GR14. Applying a little reality, if you are the owner of an airfield, with somebody causing a serious problem, who had incidentally already beaten up somebody on the airfield badly for questioning what he was doing, you would find it a little difficult to be whiter than white.
So, he called me, being well away from the airfield. CAA enforcement branch (they who do the prosecuting) are mostly ex Met-coppers, with contacts in all the right places to arrange for appropriate investigations and visits, without it being at-all apparent that somebody local (who doesn't particularly want his house burning down) was involved. I've dealt with enforcement branch before, and on one occasion been an expert witness for a CAA prosecution. They do work closely with the police, and as a known quantity to them, I could talk in confidence.

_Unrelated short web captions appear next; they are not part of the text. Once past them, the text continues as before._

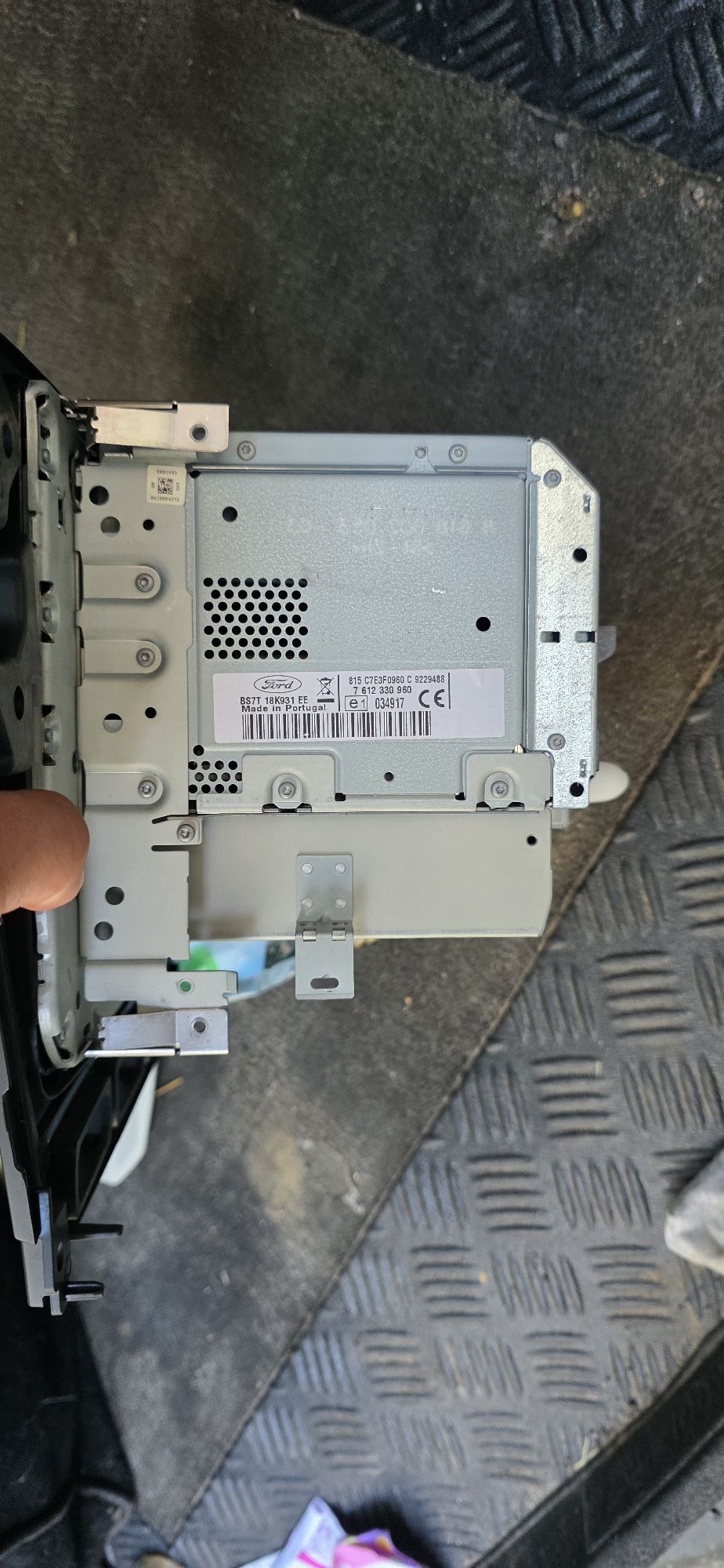 Radio nawigacja Blaupunkt NX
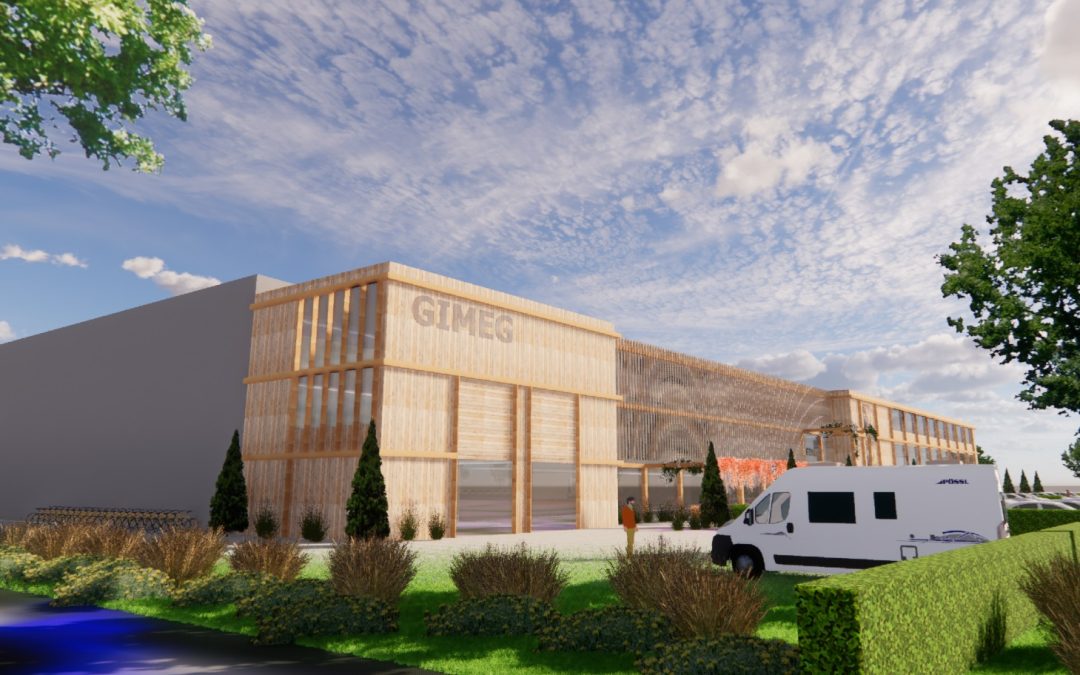 nieuwbouw bedrijfspand Het Klooster Nieuwegein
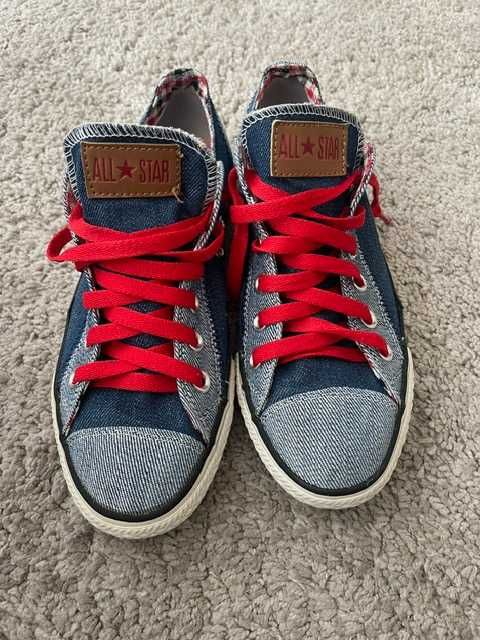 tenis all star bom estado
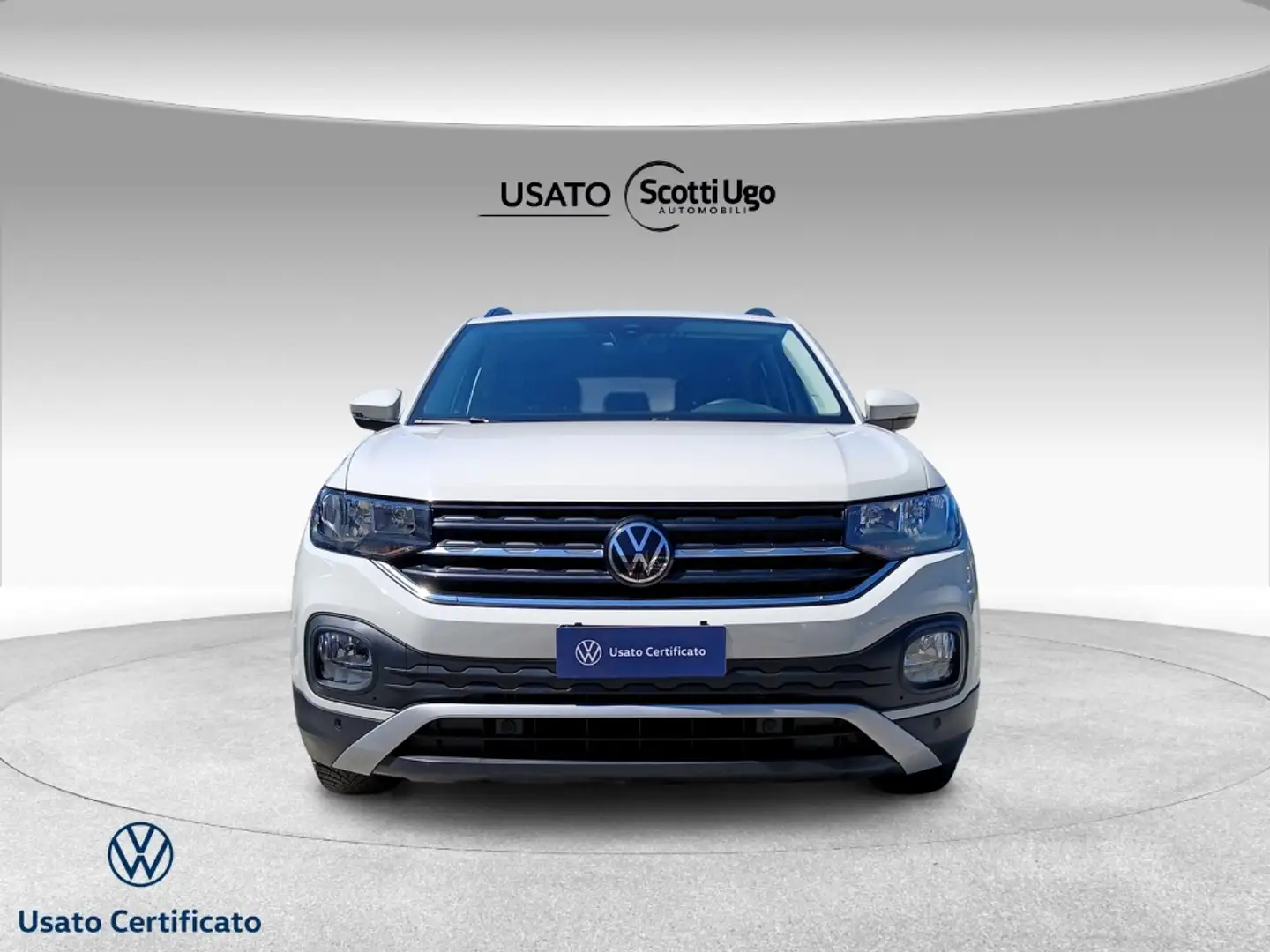 Volkswagen T-Cross 1.0 TSI Style Grau - 2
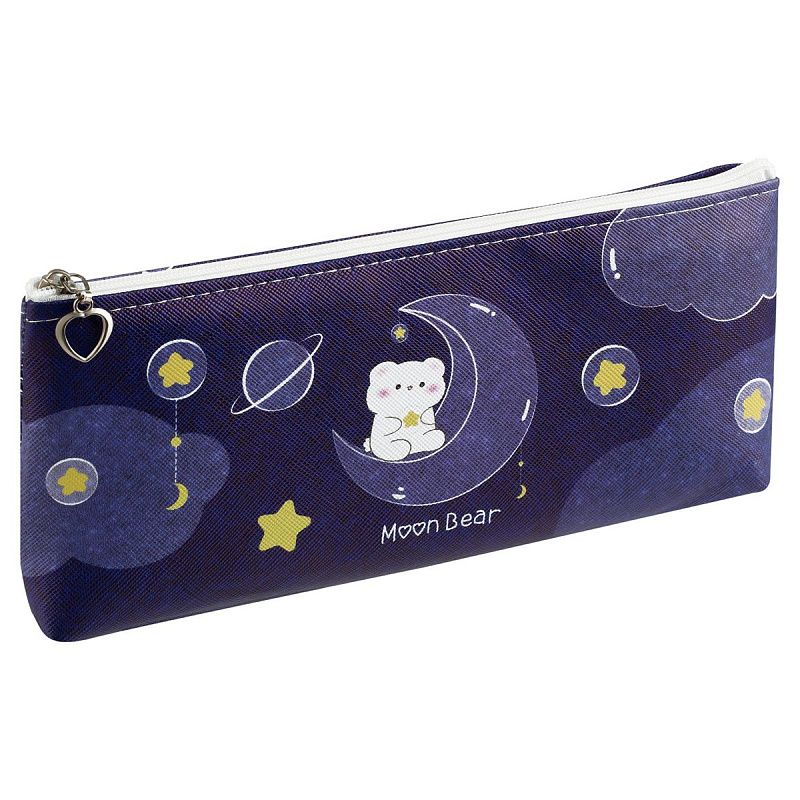 Пенал мягкий 200*85*30 MESHU "Bear", искусственная кожа 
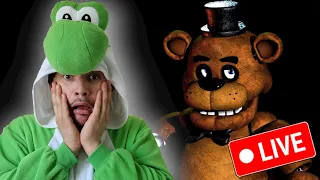 🔴MEIN ERSTES MAL FIVE NIGHTS AT FREDDY'S 😱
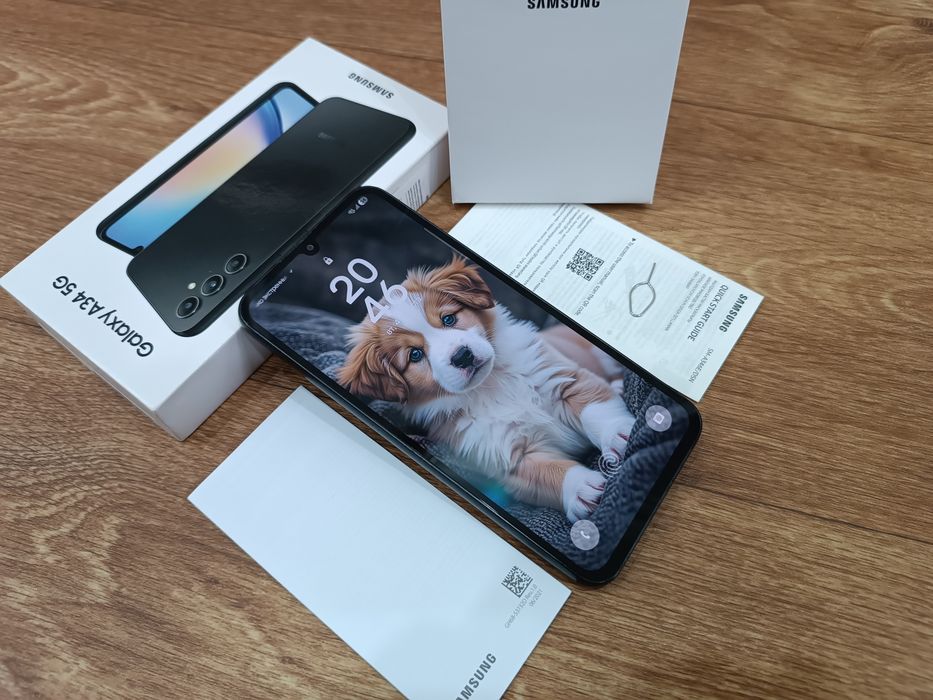 SAMSUNG A34 / 5G на 256Гб с документами.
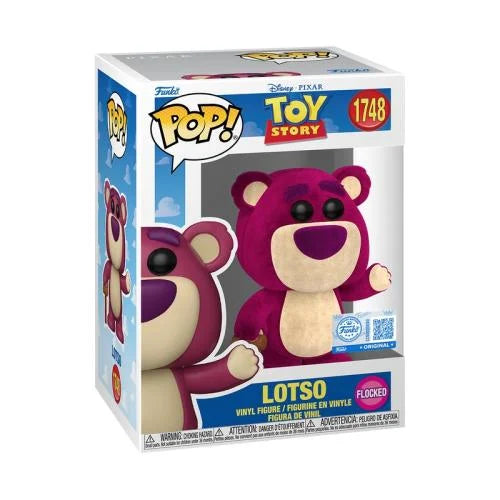Funko Pop! Disney Pixar – Lotso #1748 – Flocked Funko Exclusive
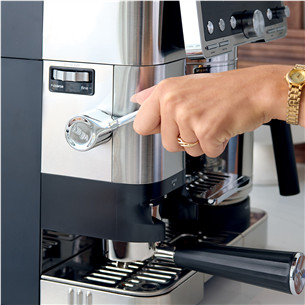 Ninja Luxe Café Pro, black/stainless steel - Espresso machine
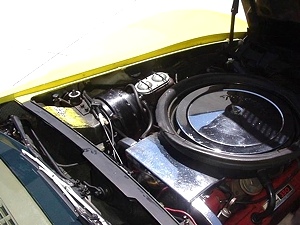 1975 CHEVY CORVETTE STINGRAY / T-TOPS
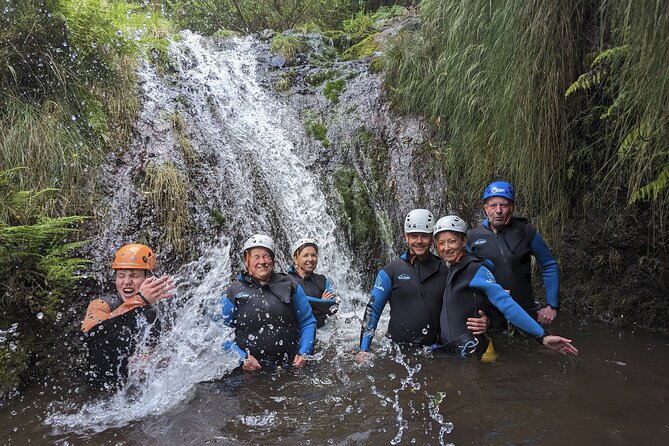 Funchal: Half-day Beginners Canyoning - Canyoning Highlights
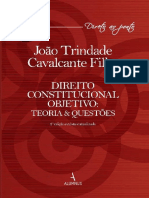 Direito Constitucional Objetivo Joao Trindade Cavalcante Filho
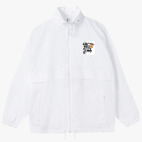 Ветровка с капюшоном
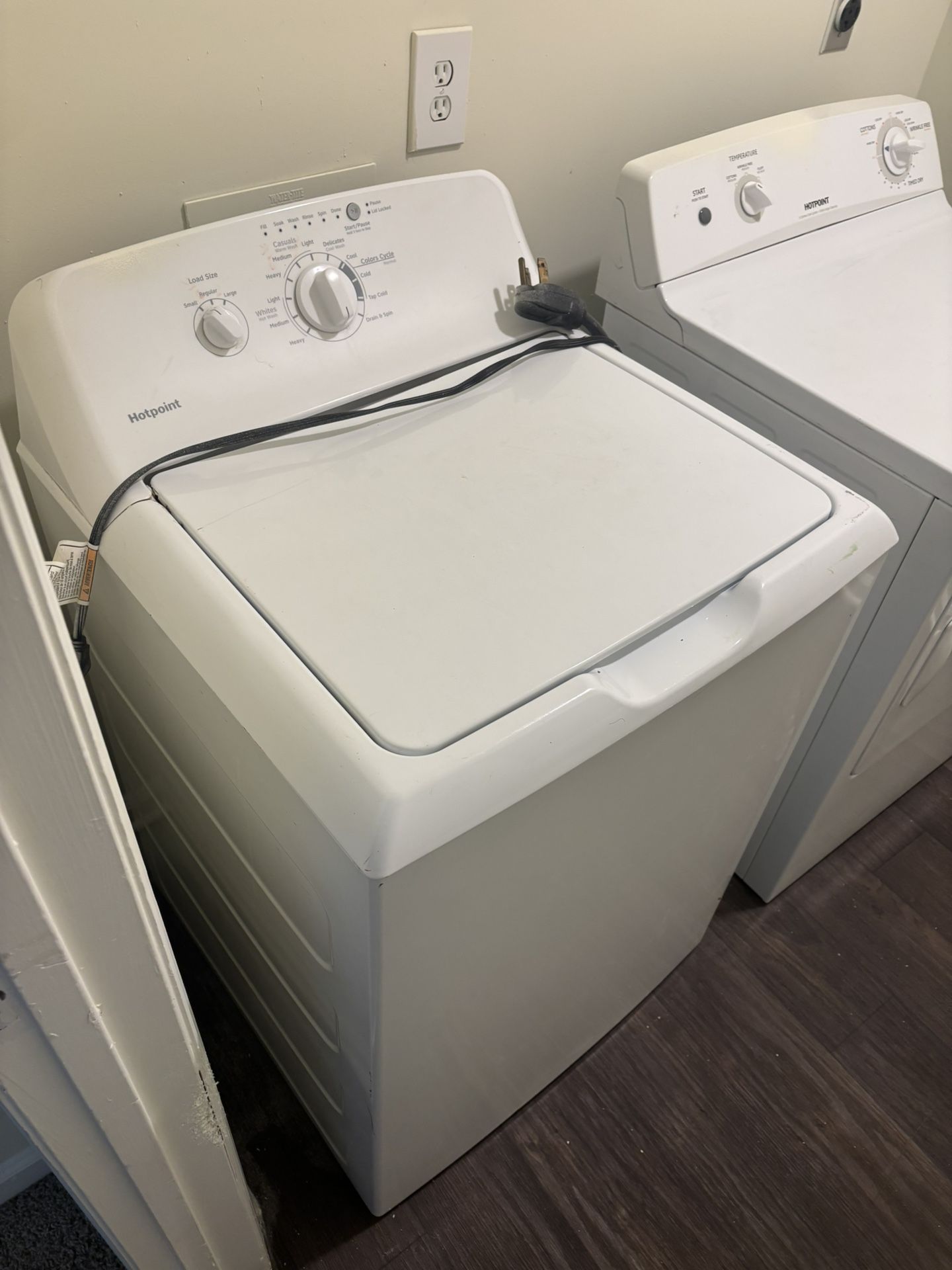 Hot Point Washer And Dryer Combo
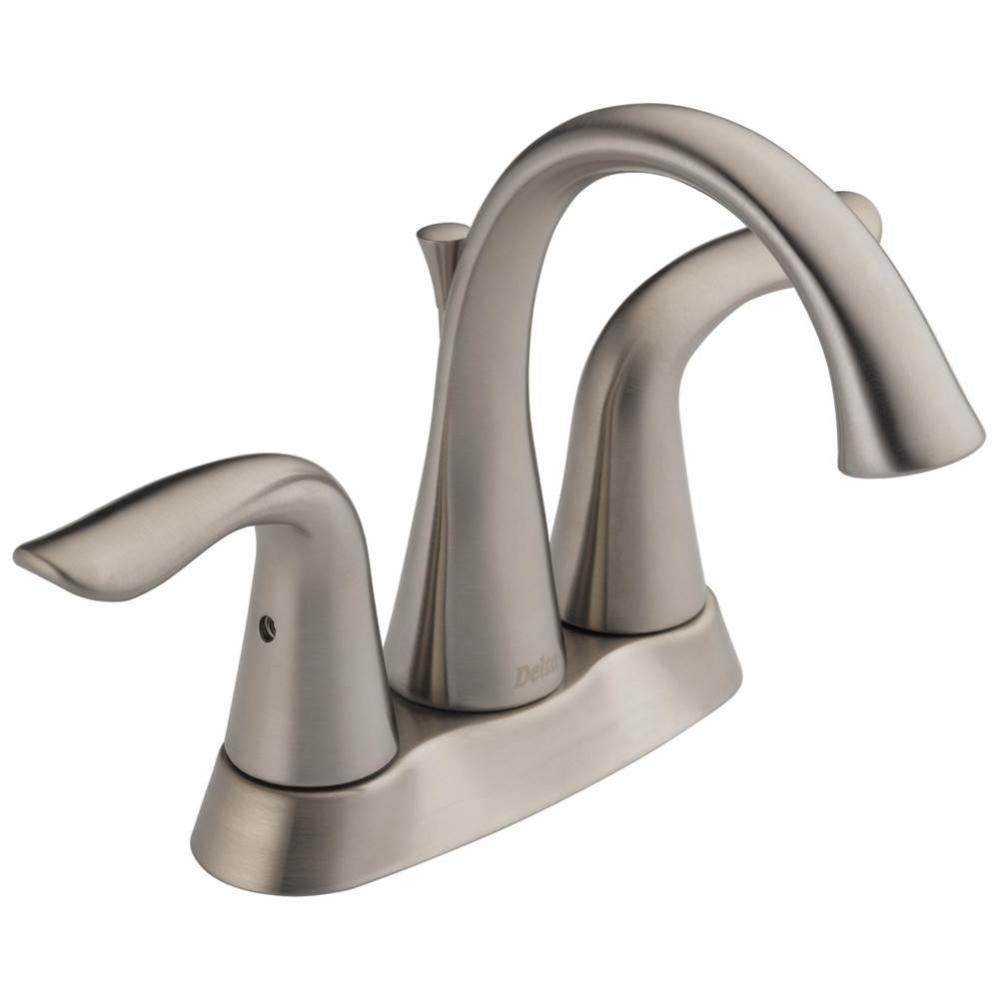 Lahara&#xae; Two Handle Tract-Pack Centerset Bathroom Faucet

Yes, the ideal in such situations is to go and talk to the local police or customs. But, such things can become a little messy; hardened criminals (and they don't just exist in TV dramas) will beat people up, put burning newspapers through the letterbox, set light to aeroplanes in hangars. To the chap running his airfield, the current problem is a nuisance, some alternatives could ruin him.
For all I know of-course, the local police are monitoring said crook, and simply waiting for him to do something bad enough that they can lock him up for a nice safe 10 years or so. They're hardly going to come back and give me a report are they, maybe it only appears that they're doing nothing. How would I know?